Adams’s flat was a hive of activity with the SOC officers, under the direction of Kennedy’s favourite bagman, Detective Sergeant James Irvine, professionally going about their business.

Again Castle blended into the background as Kennedy started to examine the room where Adam Adams had met his maker.

Adams was resting on his backside, his back propped up by the only clear (floor to ceiling) part of the wall in the sitting room cum study. You had to be fully in the room to see him, as he was partially hidden behind the door. His knees were bent upwards in an inverted V shape and his head and shoulders were leaning against them. His hands were outstretched on either side of him, palms facing upwards. He looked like a puppet whose operator had gone off on a coffee break.

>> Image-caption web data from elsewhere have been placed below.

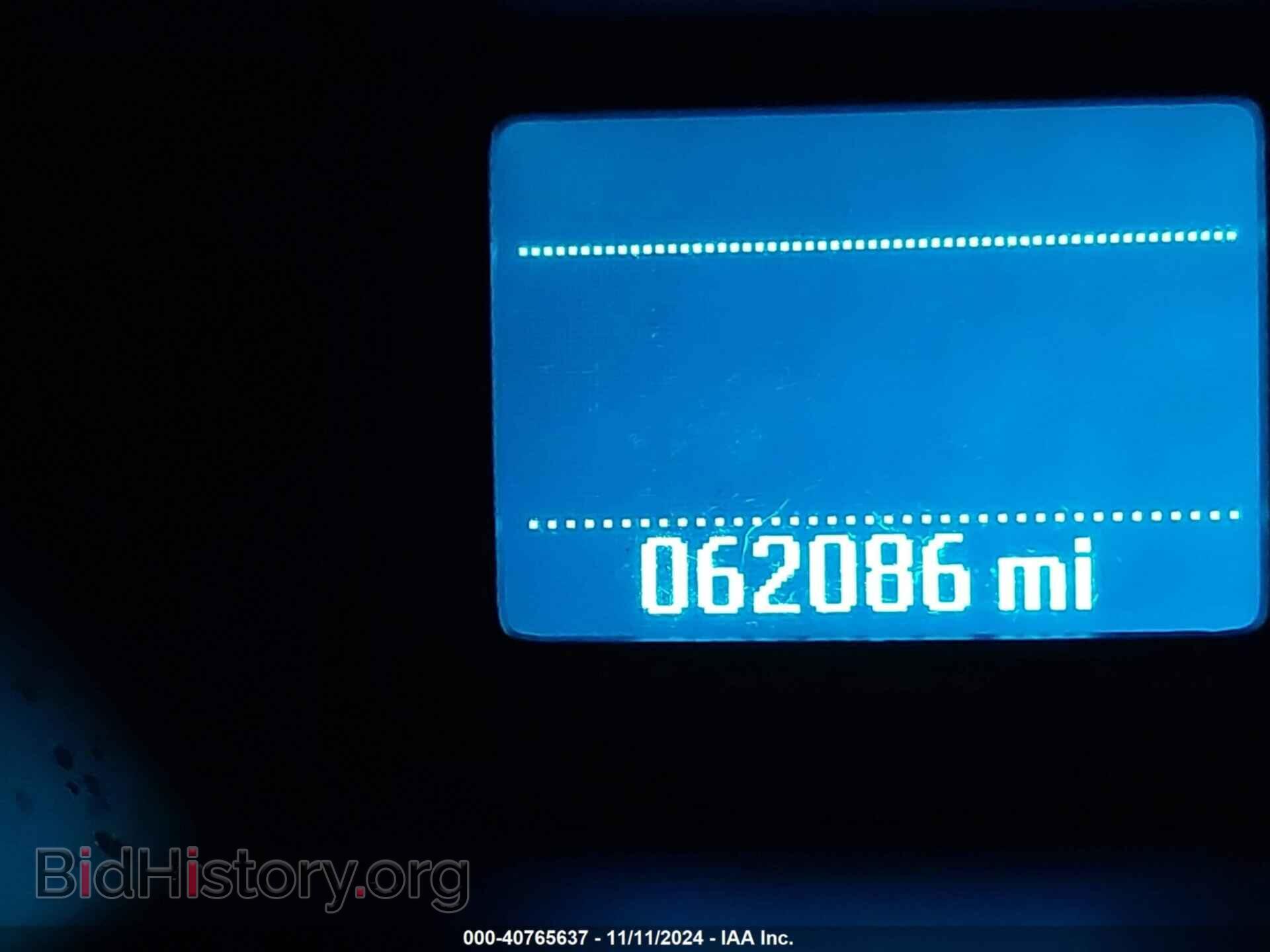 2015 FORD TRANSIT CONNECT - VIN: NM0GE9F74F1196369 - Фото 7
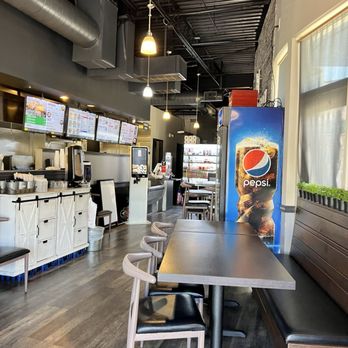 Bop & Gogi Korean Kitchen and Grill - Inside - Korean Near Me - Centennial, Colorado Bop & Gogi Korean Kitchen and Grill - Inside - Korean Near Me - Centennial, Colorado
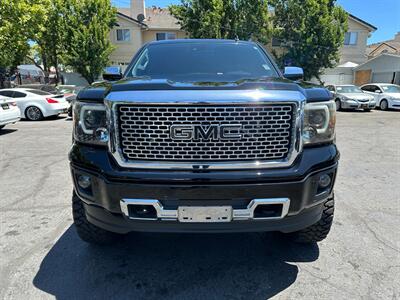 2014 GMC Sierra 1500 Denali   - Photo 2 - San Leandro, CA 94578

Protruding from between his shoulder blades was the dark wooden handle of a knife; his blood-soaked white shirt a testimony to the effectiveness of the cold steel buried deep in his back. The angle of the knife in his back immediately suggested that the knife had entered the body from above.

Kennedy was sure it must just have been a trick of the subdued light, but it looked as if Adams had a gentle smile still visible on his white-grey face.

To the corpse’s left was a large orange-red sofa, heaped generously with matching cushions. Kennedy glanced along the length of the sofa and found betraying indents on the royal-blue carpeted floor, showing that the sofa had recently been moved about two feet farther away from the door and the space where the corpse rested. Next to the sofa was a chunky, square oak coffee table. Resting on the coffee table was a lamp; obviously it had fallen over in the move, the burning bulb proudly showing off the hideous brown-and-green patterned lampshade. The domino theory, triggered by the initial moving of the sofa, had resulted in one of the corners of the coffee table scraping the side of an oak rolltop desk. The desk was at ninety degrees to the sofa wall and positioned by the room’s only window.

Kennedy, hands protected with plastic gloves, examined the contents of the desktop. Centrally on the desk, and probably the last document to demand the attention of Mr. Adam Adams, was a property valuation on McGinley-and-Associates-headed paper.